Dataset entries
----

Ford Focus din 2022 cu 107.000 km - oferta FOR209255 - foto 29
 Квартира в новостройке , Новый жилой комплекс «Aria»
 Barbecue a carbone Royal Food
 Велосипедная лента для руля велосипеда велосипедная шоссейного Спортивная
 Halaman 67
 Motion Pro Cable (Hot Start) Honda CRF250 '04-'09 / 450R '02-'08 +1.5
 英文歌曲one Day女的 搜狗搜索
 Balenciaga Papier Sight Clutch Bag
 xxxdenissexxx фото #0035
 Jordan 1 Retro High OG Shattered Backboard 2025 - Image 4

----

# What you should do
Where the records above contain a line with "Balenciaga Papier Sight Clutch Bag", repeat that line and each later line through the end, exactly, and nothing more.

# Worked solution
 Balenciaga Papier Sight Clutch Bag
 xxxdenissexxx фото #0035
 Jordan 1 Retro High OG Shattered Backboard 2025 - Image 4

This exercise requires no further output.